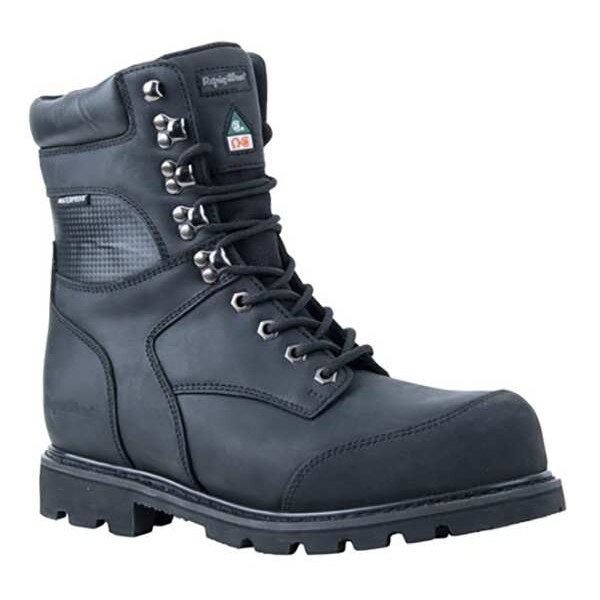 Refrigiwear 8Inch Work Boot, 7, Black, PR 123CRBLK010 Zoro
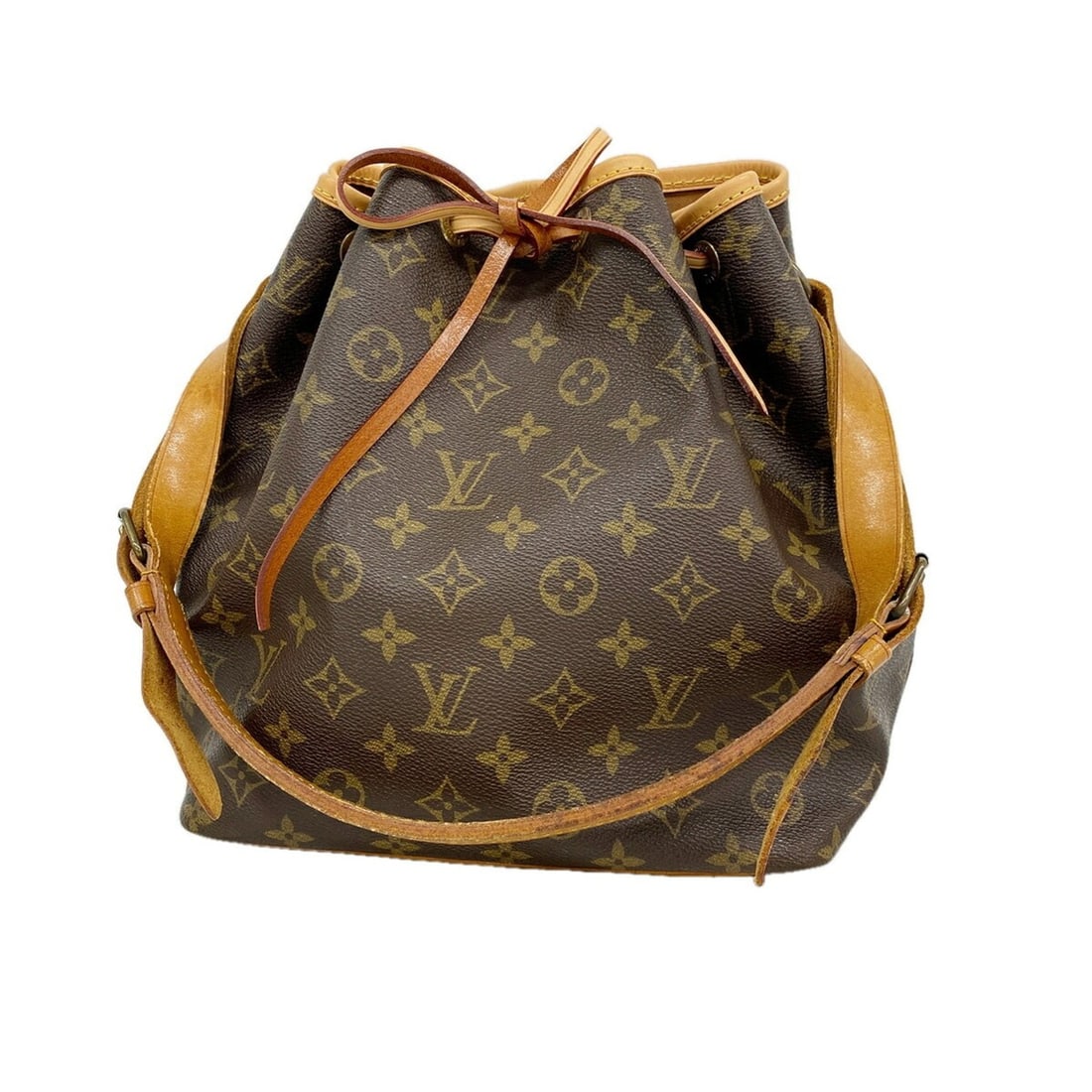 Louis Vuitton Monogram Petit Noé Shoulder Bag M42226 Brown Women's: --- Catalog ---Category: SizeSize (HxWxD): 27cm x 24cm x 18cm / 10.62'' x 9.44'' x 7.08''Category: DesignType: Shoulder bagColor: BrownGender: WomenCategory: GeneralMPN: M42226Brand: Louis Vuitton--- 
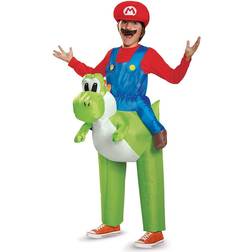 Nintendo Uppblåsbar Ridande Super Mario Barn Maskeraddräkt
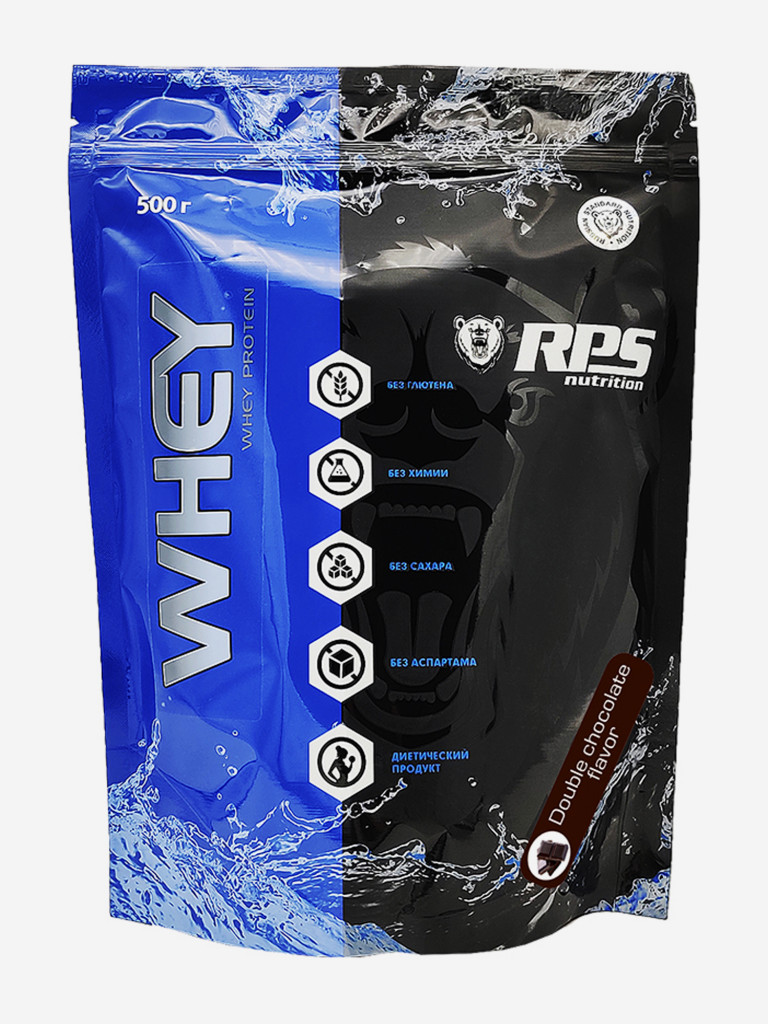 Протеин сывороточный RPS Nutrition 500 гр Двойной шоколад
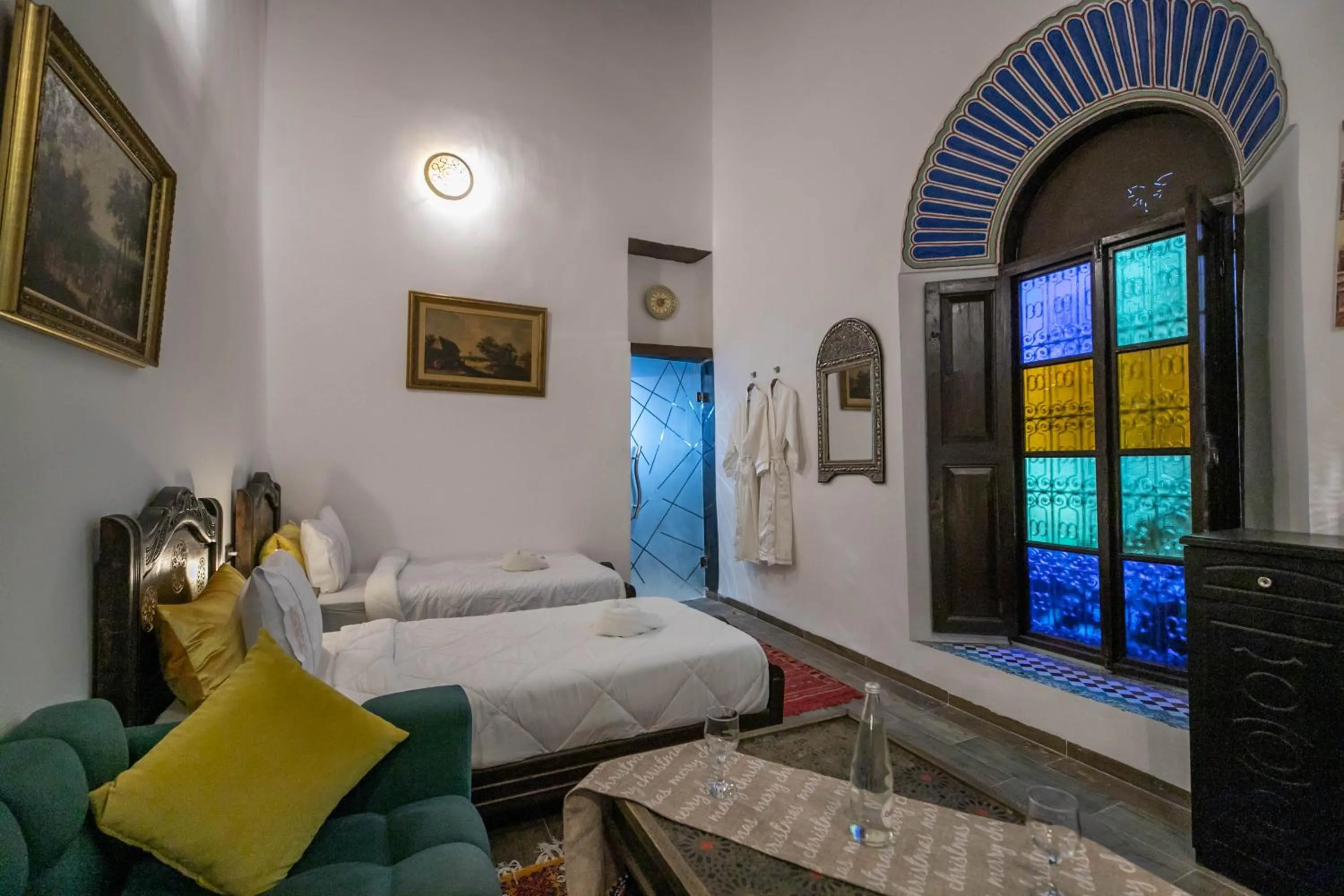 Bed in Palais Chahd Luxury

============================================================

• DIRECTIONS:
Transcribe the listing above in full. Pictures are not part of the copy.

• RESPONSE BELOW:
 Refrigiwear 8Inch Work Boot, 7, Black, PR 123CRBLK010 Zoro
 Louis Vuitton Monogram Petit Noé Shoulder Bag M42226 Brown Women's: --- Catalog ---Category: SizeSize (HxWxD): 27cm x 24cm x 18cm / 10.62'' x 9.44'' x 7.08''Category: DesignType: Shoulder bagColor: BrownGender: WomenCategory: GeneralMPN: M42226Brand: Louis Vuitton--- 
 Nintendo Uppblåsbar Ridande Super Mario Barn Maskeraddräkt
 Протеин сывороточный RPS Nutrition 500 гр Двойной шоколад
 Bed in Palais Chahd Luxury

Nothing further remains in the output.